Insmed announced the design for the upcoming ASPEN trial and outlined plans to develop the therapy in other neutrophil-mediated diseases during the company’s virtual Research & Development Day on Sept. 30.
“We believe brensocatib, our DPP1 inhibitor, offers an entirely new approach to address a wide array of neutrophil-mediated diseases. We plan to build upon our early leadership position in this space with our anticipated near-term registrational study in [non-CF bronchiectasis, followed by a new development program in cystic fibrosis and plans to explore other opportunities,” Will Lewis, chairman and CEO of Insmed, said in a press release.
The trial, which is intended to provide data to support regulatory approval, will consist of a screening period of up to six weeks, followed by a one-year treatment period, and four weeks off treatment. During screening, participants will be classified by geographic location, presence of Pseudomonas aeruginosa, and the number of exacerbations — or sudden worsening of symptoms — in the previous year.
The study is expected to have 1,620 participants who will be randomly assigned to receive once-daily oral doses of 10 mg of brensocatib, 25 mg of brensocatib, or a placebo for the duration of the treatment period. The trial will be carried out at roughly 480 sites in 36 countries.

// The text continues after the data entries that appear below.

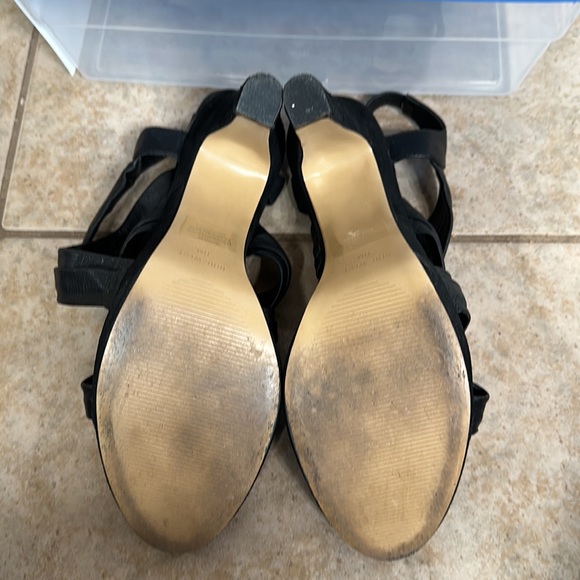 Nine West black strappy pumps - Picture 3 of 3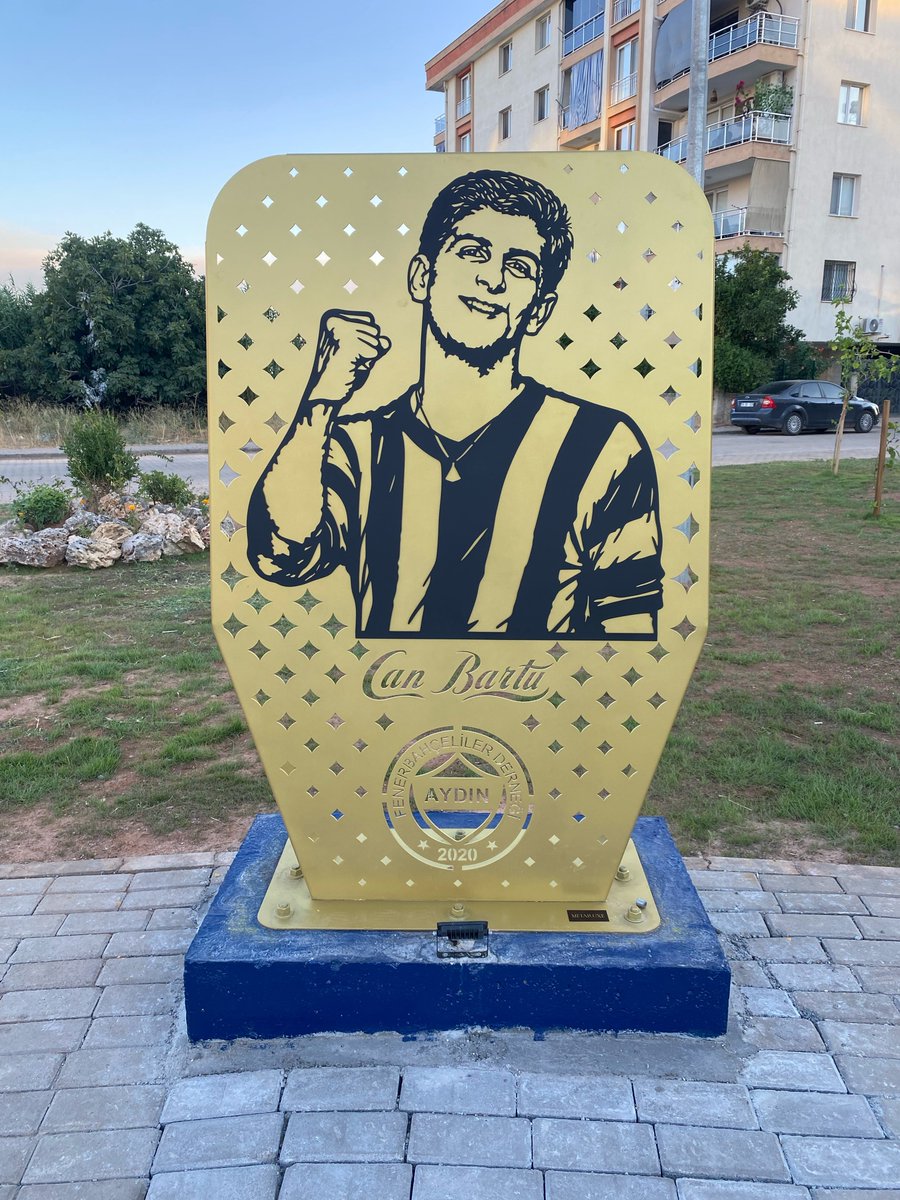 souvess's tweet photo. 💛💙 Aydın Fenerbahçeliler Derneği ve Efeler Belediyesi'nin katkılarıyla kullanıma sunulan parkta Alex de Souza, İbrahim Kutluay ve Can Bartu'nun da büstü yer aldı. https://t.co/gdnarW0aXv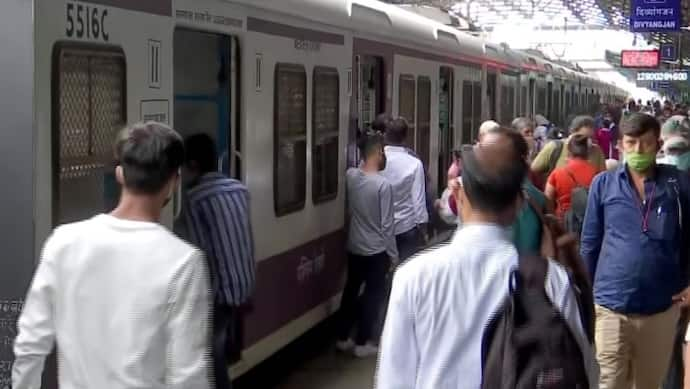 Mumbai local train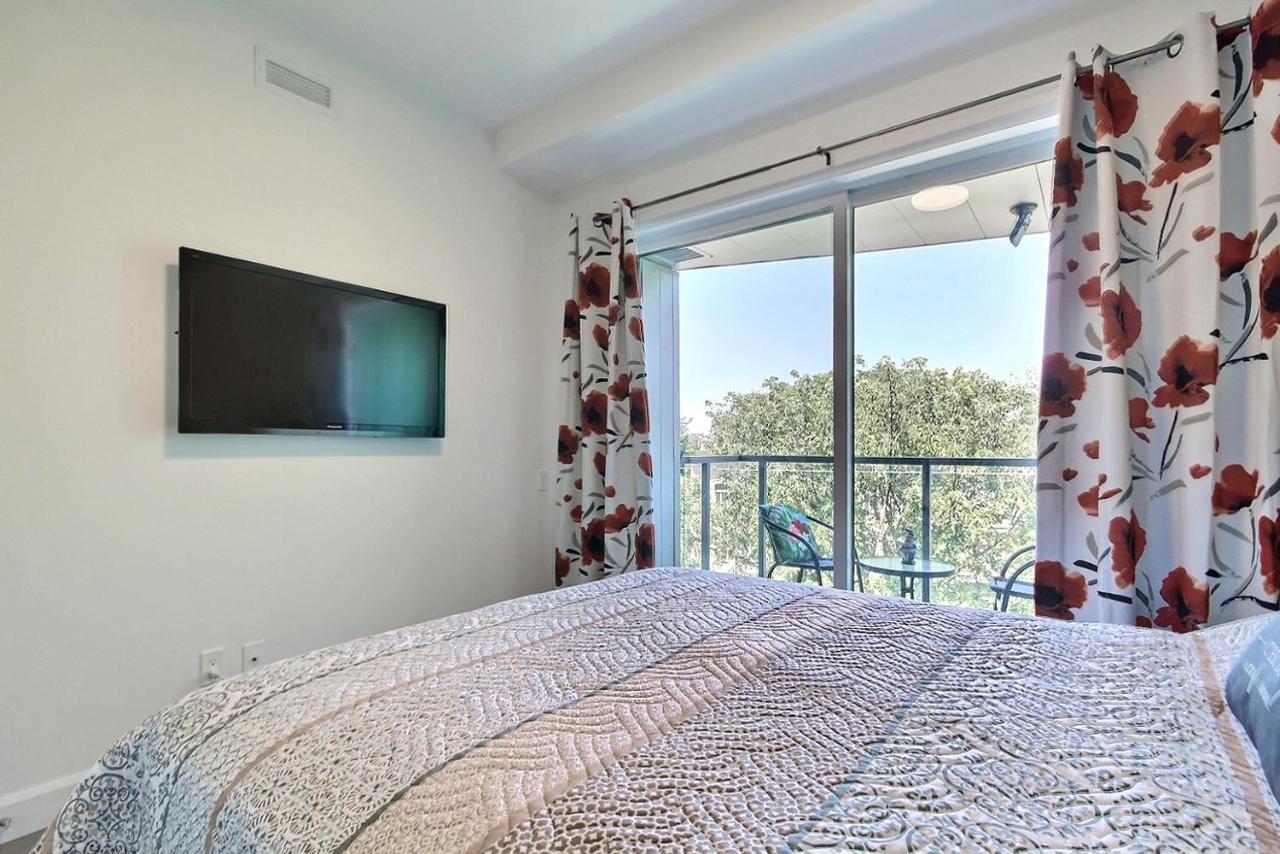 Good Vibes Only -Modern And Spacious 2 Bedroom Condo 4 Beds Free Parking, Gym Квебек Екстериор снимка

ASPEN’s goal is to determine if brensocatib reduces the rate of pulmonary exacerbations and increases the time to first exacerbation, the proportion of patients who remain free of exacerbations over the treatment period, and the volume of air a patient can exhale from the lungs in one second — forced expiratory volume in one second.
In non-CF bronchiectasis, immune cells called neutrophils are activated by the protein dipeptidyl peptidase 1 (DPP1) and release enzymes that damage the lungs. Brensocatib acts by blocking DPP1 and preventing neutrophil activation.
In a Phase 2 trial called WILLOW (NCT03218917), treatment with brensocatib reduced the risk and rate of exacerbations in adults with non-CF bronchiectasis, regardless of patient age or clinical history. Earlier this year, brensocatib was granted breakthrough therapy designation by the FDA based on results from the 24-week WILLOW study.